Chapter 7 vs. 13 Bankruptcy: What’s the difference?

| Mar 8, 2017 | Chapter 13 Bankruptcy, Chapter 7 Bankruptcy |

As families move through their lives, debt may start to build up from late credit card payments, unexpected medical bills or other sources. When that debt becomes overwhelming, families may turn to bankruptcy as a form of relief.
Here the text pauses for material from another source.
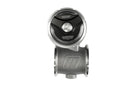 Turbosmart  Compressed Gas (CO2) StraightGate50 - 7PSI Black (Suits CO2 Boost Control)-2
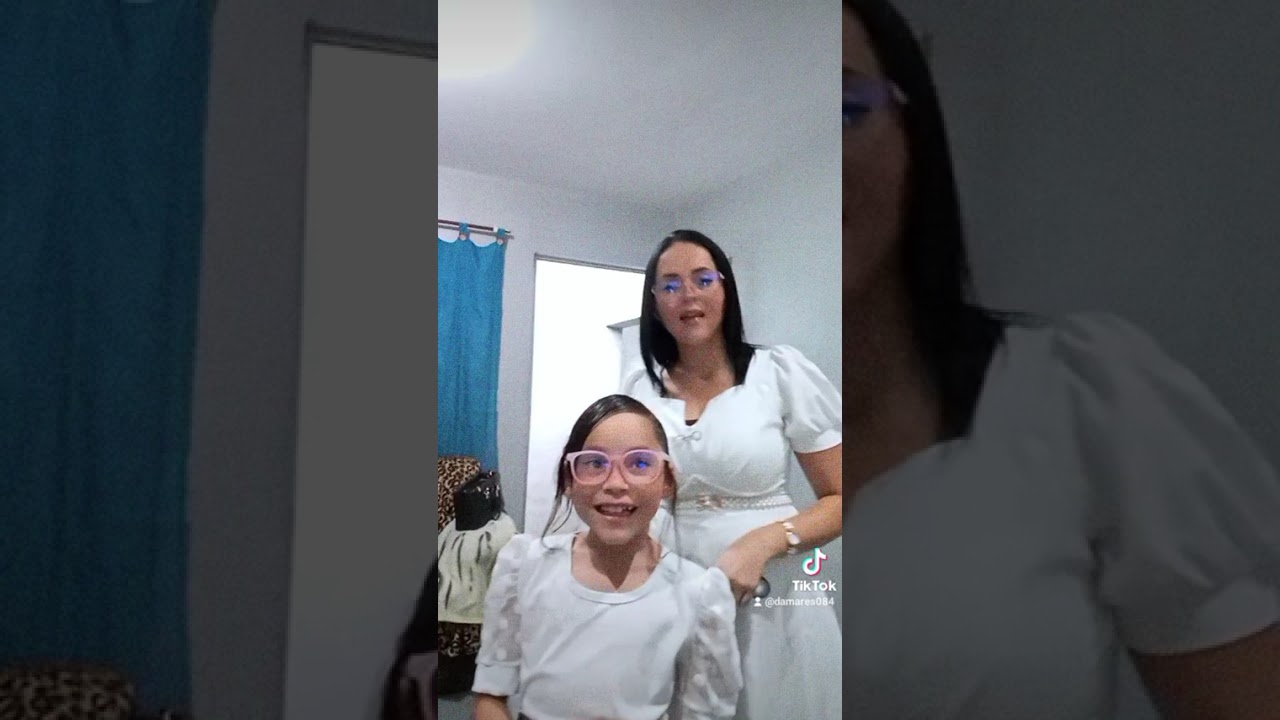 8 de janeiro de 2026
Two of the most common forms of bankruptcy are chapter 7 and chapter 13 bankruptcy. Here are the differences between them and how they can benefit you if you are facing large amounts of debt.

Chapter 7

A chapter 7 bankruptcy provides debt relief by liquidating assets, which means turning belongings and investments into money that pays creditors. If there is still debt afterwards, it is discharged without being repaid. Chapter 7 is a quick process, lasting about four to five months.

This is a choice to consider if you have very little means of making debt payments or want to begin rebuilding your credit immediately. However, you must qualify. The main criterion for filing chapter 7 bankruptcy is that you make less money per month than the state’s median income.


· Protects home from foreclosure

· Protects certain assets from liquidation, such as your car and 401(k) savings

· Creditors must stop harassing you

· After liquidation, the rest of your debt is discharged


· You must qualify

· Secured debt cannot be discharged (student debt, mortgage loans, etc.)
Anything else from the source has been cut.